How is bedwetting diagnosed?
The doctor will ask many questions about the child's symptoms and about many other factors that can contribute to bedwetting. If a child continues to wet the bed after the age of six, parents may feel the need to seek evaluation and diagnosis by the family doctor or a children's specialist (pediatrician). Typically, before the doctor can make a diagnosis, a thorough medical history is obtained. Then the child receives a physical examination, appropriate laboratory tests,
including a urine test (urinalysis), and, if necessary, radiologic studies (such as x rays). If the child is healthy and no physical problem is found, which is the case 90% of the time, the doctor may not recommend treatment but rather may provide the parents and the child with reassurance, information, and advice.

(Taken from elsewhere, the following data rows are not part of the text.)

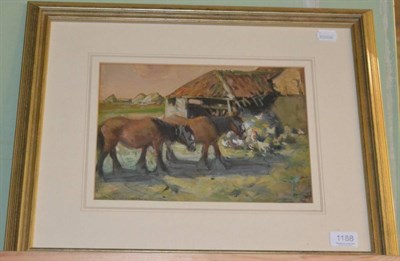 Lot 1188 - David Robertson, horses in a farmyard, watercolour, signed, framed and glazed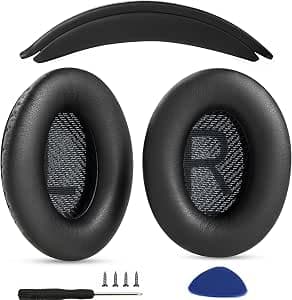 Ear Pad + Replacement Headband Compatible with Bose QuietComfort 45 QC45 35 QC35 QC35 ii Over-Ear Headphones Easy DIY Installation Leather Parts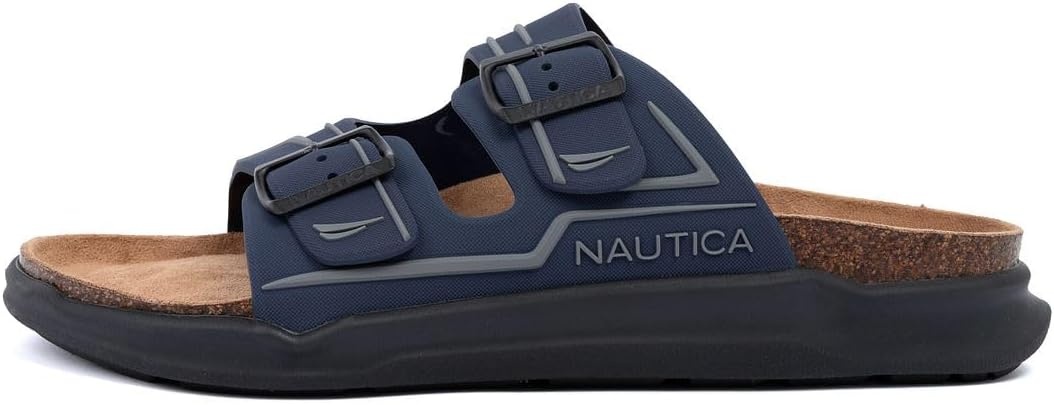 image:imageNautica Mens Sandals Casual Slides with 2 Adjustable Buckle Straps and Cork Footbed for Ultimate Comfort and Style RegularWide Width Big SizeNavy Charcoal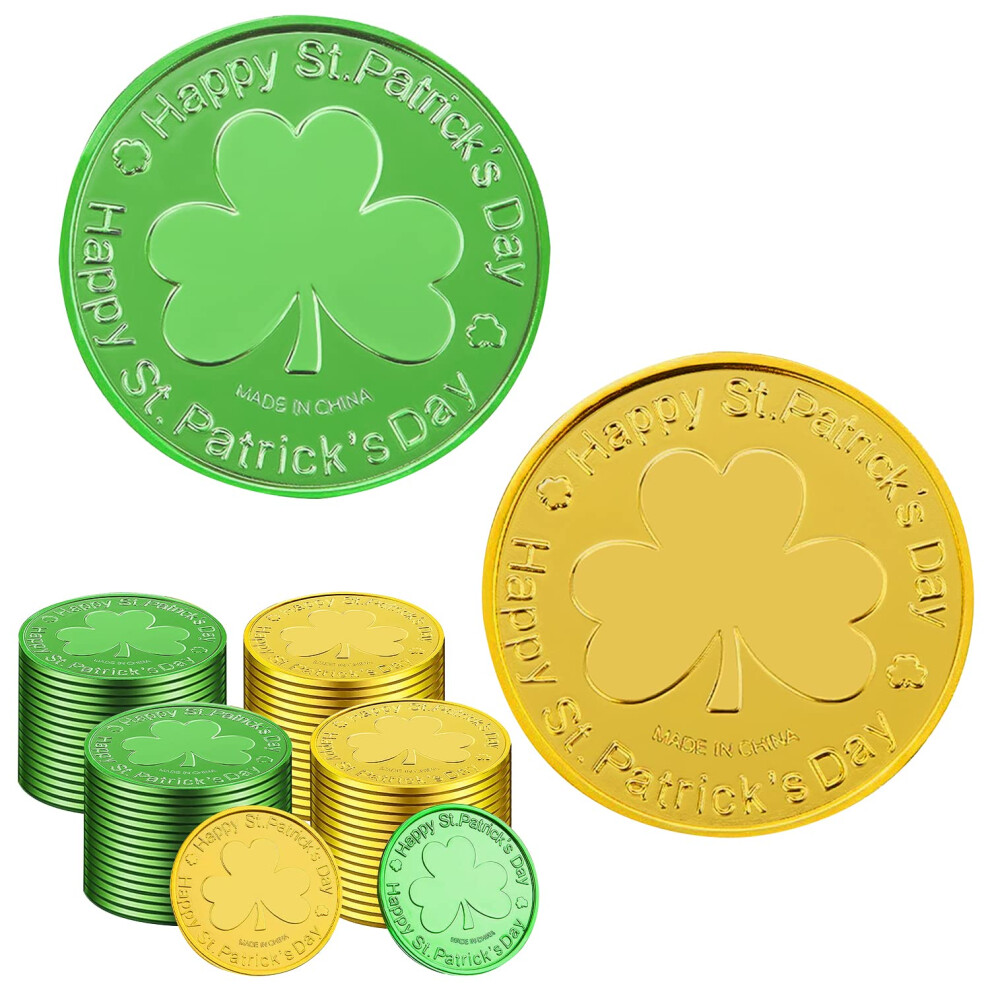 SpinLaLa St. Patrick's Day Gold Coins - 100 Pieces Gold Green Lucky Coins Plastic Shamrock Leprechaun Coins  3-Leaf Clover Coin for Party Decoration F-image-OPC-PFM2CDQ-NEW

Voiding cystourethrogram (VCUG) is a specific x-ray that examines the urinary tract. A catheter (hollow tube) is placed in the urethra (tube that drains urine from the bladder to the outside of the body) and the bladder is filled with a liquid dye. X-ray images will be taken as the bladder fills and empties. The images will show if there is any reverse flow of urine into the ureters and kidneys. Renal bladder ultrasound is a non-invasive test in which a transducer is passed over the kidney and bladder producing sound waves which bounce off these organs, transmitting pictures of them on a video screen. The test is used to determine the size and shape of the kidney and bladder, and to detect a mass, stone, cyst, or other obstruction or abnormalities. The urodynamics study is a test used to assess how the bladder and urethral sphincter function in accordance with the brain and spinal cord during the stages of bladder filling and emptying.